One feature of the fuel cell assembly is that the operating temperature of the electrochemically active portion directly affects the useful life of the assembly. For example, FIG. 2 is a float 50 showing the decay factor relative to 400 ° F (204 ° C) over operating temperature. Curve 52 shows an example of the relationship between attenuation in battery performance and temperature. As can be seen from Fig. 2, when the temperature is high, the attenuation rate also increases, resulting in shortening the useful life of the fuel cell. According to an exemplary implementation of the present invention, the relationship between temperature and performance over time is used as a deciding factor when selecting the operating temperature range of the fuel cell assembly.

According to a typical method, the operating environment of the phosphate fuel cell power unit was chosen to reach maximum initial performance and initial power unit efficiency. This method requires an operating temperature that is set based on the limits of the materials in the cell stack assembly. This method does not consider performance degradation as a determinant when selecting operating temperatures for the electrochemically active portion 40. Thus, the exemplary methods described above in this description are based on determinants that are not used in typical methods.

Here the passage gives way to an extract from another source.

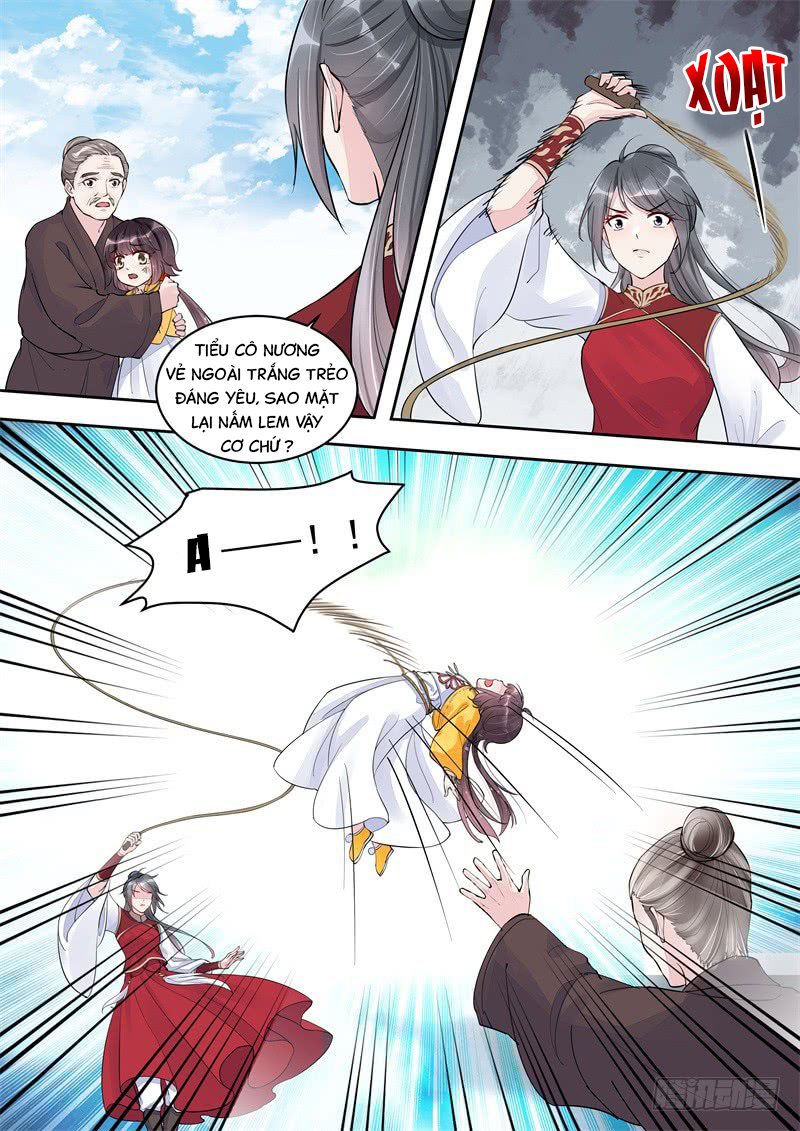 công đức ấn chapter 4 9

Examples of fuel cell assemblies designed in accordance with embodiments of the present invention include an average operating temperature range for the electrochemically active portion 40 selected to achieve at least a minimum level of performance (ie, allowable power output) for at least the selected time. do. In one embodiment, the average operating temperature of the electrochemically active portion 40 is within a range between about 340 ° F (171 ° C) to about 360 ° F (182 ° C). This average operating temperature range is considered an average over the useful life of the fuel cell assembly. Of course, there will be some variation in operating temperature for known reasons.

In one embodiment, the maximum operating temperature of the electrochemically active portion 40 outside of the average operating temperature range is maintained between about 380 ° F (193 ° C) and about 400 ° F (204 ° C). Maintaining the maximum temperature below a temperature within this range reduces the performance attenuation directly related to the elevated temperature in the fuel cell assembly. In one embodiment, the maximum operating temperature of the electrochemically active portion 40 is 390 ° F (199 ° C.). This maximum operating temperature occurs mainly in the cell near the center of the cell stack between the coolers.

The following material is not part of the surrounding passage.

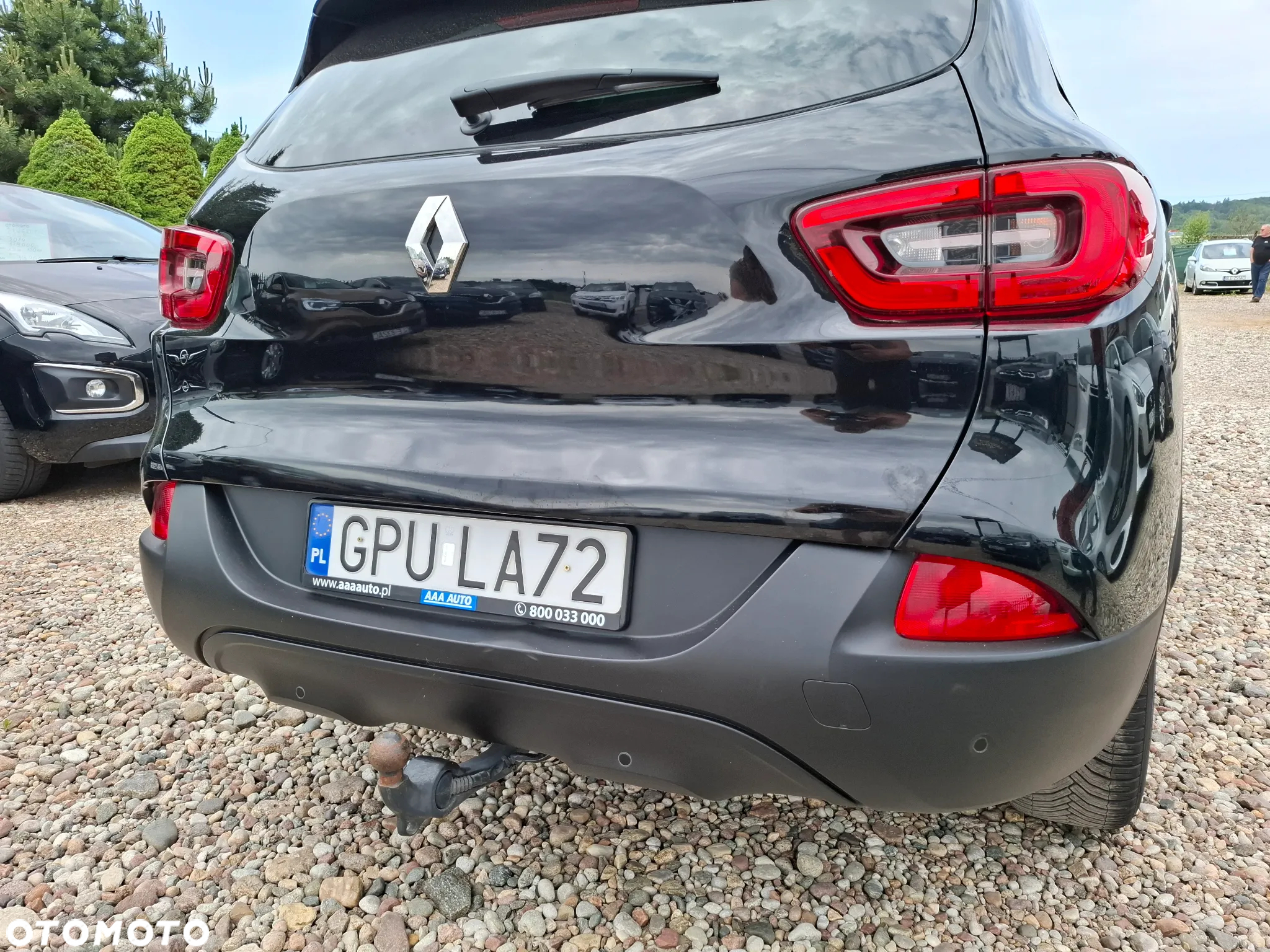 Renault Kadjar 1.5 dCi Energy Intens EDC - 9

In one embodiment, the absolute lowest temperature of the electrochemically active portion under the operating environment is maintained at a temperature of at least 300 ° F. (149 ° C.). Maintaining the lowest temperature at least 300 ° F. (149 ° C.) is prioritized to minimize poisoning of the anode catalyst by carbon monoxide present in the reforming fuel.

As with acid condensation zones operating in a known manner, the non-electrochemically active portion of the fuel cell assembly other than the electrochemically active portion 40 may operate at lower temperatures. The acceptable range for the non-electrochemically active portion of the fuel cell assembly may be different from the range used for the electrochemically active portion and may be selected to meet the needs of a particular situation.

For example, in one embodiment coolant inlet 32 has an operating temperature of approximately 270 ° F (132 ° C) and coolant outlet 34 has an associated temperature of about 337 ° F (169 ° C). This example temperature corresponds to an average electrochemically active portion operating temperature of 350 ° F (177 ° C) and a maximum temperature of the electrochemically active portion 40 of 390 ° F (199 ° C).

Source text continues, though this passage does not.